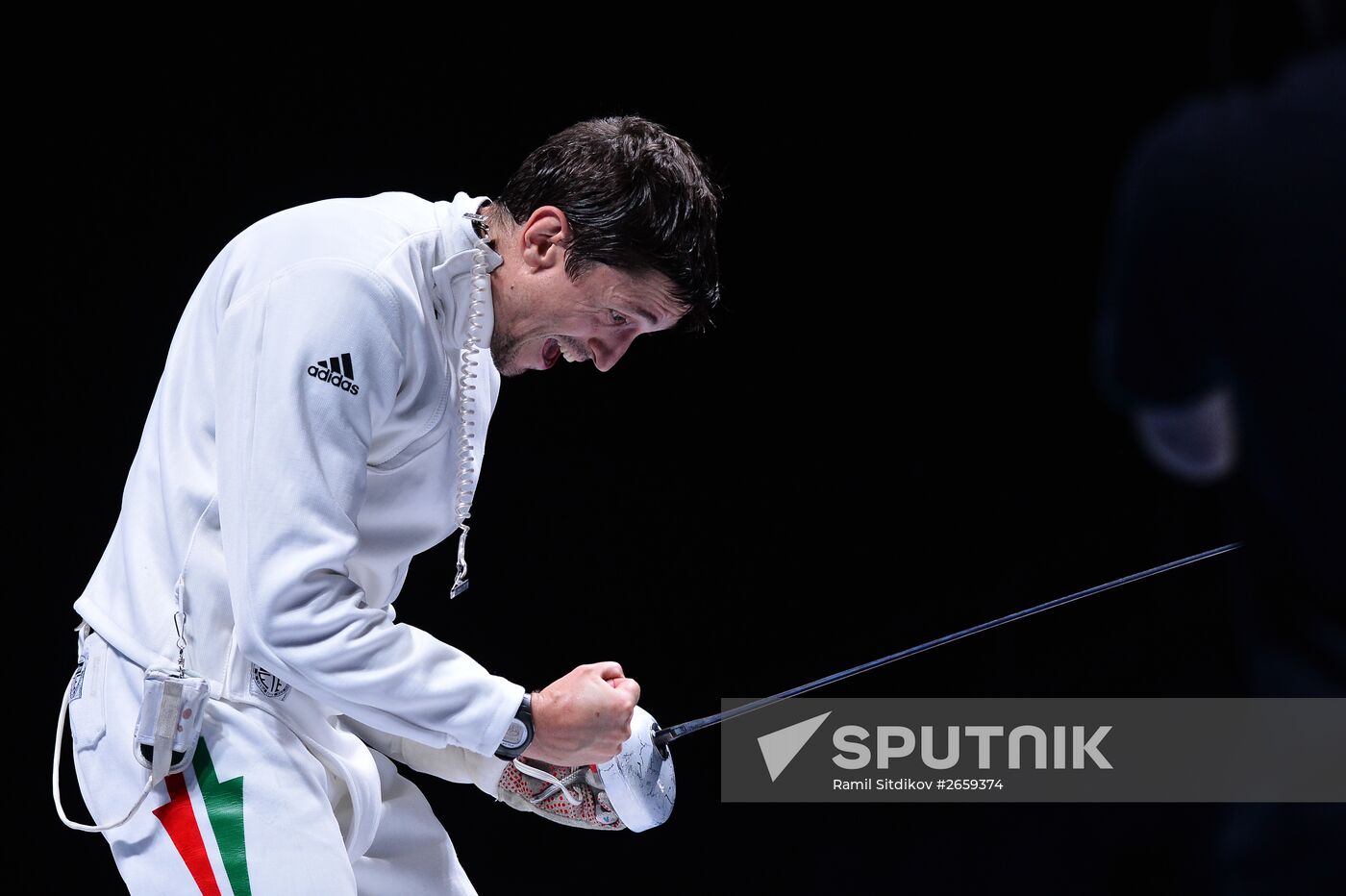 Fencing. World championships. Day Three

####

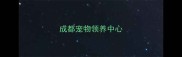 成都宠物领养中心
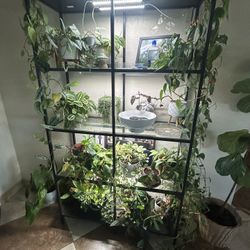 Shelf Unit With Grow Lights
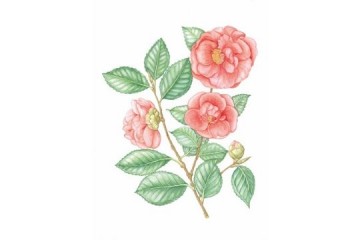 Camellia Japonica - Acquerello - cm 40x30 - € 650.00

####

| WHAT YOU ARE ASKED TO DO |
Above are the records; please give again, exactly and in full, only the lines that run from the line with "Shelf Unit With Grow Lights" through the line with "Camellia Japonica - Acquerello", with no pictures.

| SOLUTION FOR THIS PROBLEM |
 Shelf Unit With Grow Lights
 Camellia Japonica - Acquerello - cm 40x30 - € 650.00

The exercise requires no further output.